We could also use that, though it's too verbose. I don't mind if we choose ? or # at all, but if they are going to be overloaded or cause confusion, then why not replace them with a keyword?

Edit: I discovered that I'm not the first to suggest this.

Does it have to be a symbol? Why not use a predefined name, e.g. it, like Kotlin has with lambda expressions?

Originally posted by @robbie01 in tc39/proposal-pipeline-operator#91 (comment)

What about the keyword val as an alternative of it? demo

Originally posted by @aloisdg in tc39/proposal-pipeline-operator#91 (comment)

The only keywords available here are ones that already are reserved.

But if that keyword in question only applies in the RHS of the |> operator, wouldn't it slowly be not recommended and then be easily reserved?
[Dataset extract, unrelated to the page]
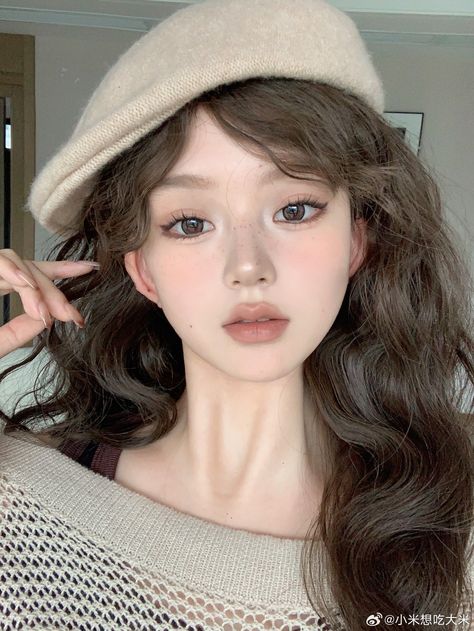 Douyin Beauty, Deep Autumn Makeup, Deep Autumn Palette, Autumn Makeup, Chinese Makeup, Hair Style Korea, Fall Makeup Looks, Nude Makeup, Ideal Body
Originally posted by @noppa in tc39/proposal-pipeline-operator#91 (comment)

@mAAdhaTTah But isn't this pretty much exactly like the case with async/await? I mean, you can have old (or new) code like this

function foo() {
  const await = 5
  return await
}

and it still works because await is only a keyword inside async functions. Similarily, it/val would only be keywords in RHS of the pipeline, which is always new code so it's not a breaking change.
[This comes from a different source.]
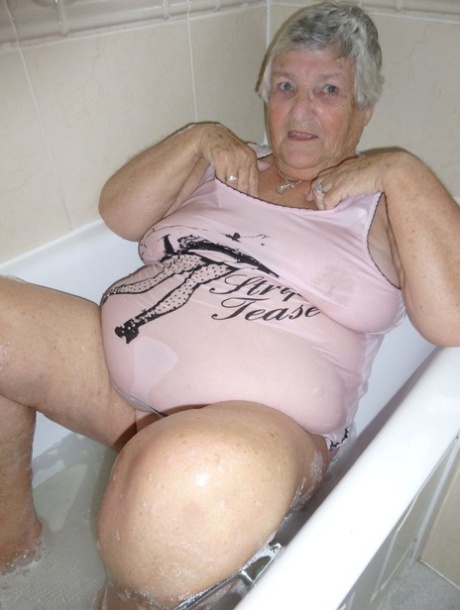 old skinny granny missionary creampies hot pics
I can see how new keywords would be unsuitable to use with the standalone partial application proposal since that would make code like

const fooIt = foo(it, 5) // Call foo with "it" or partial application of foo?

ambiguous, but AFAIK this issue is only about the Hack-proposal, where the paceholder usage is limited to RHS of pipeline and thus new code only.

const fooIt = foo(it, 5) // Still calls foo with "it" as always
const bar = fooIt |> baz(it) // Same as baz(fooIt)

It would be a refactoring hazard when moving code inside a pipeline, as it would silently change meaning. Using an existing identifier is a nonstarter.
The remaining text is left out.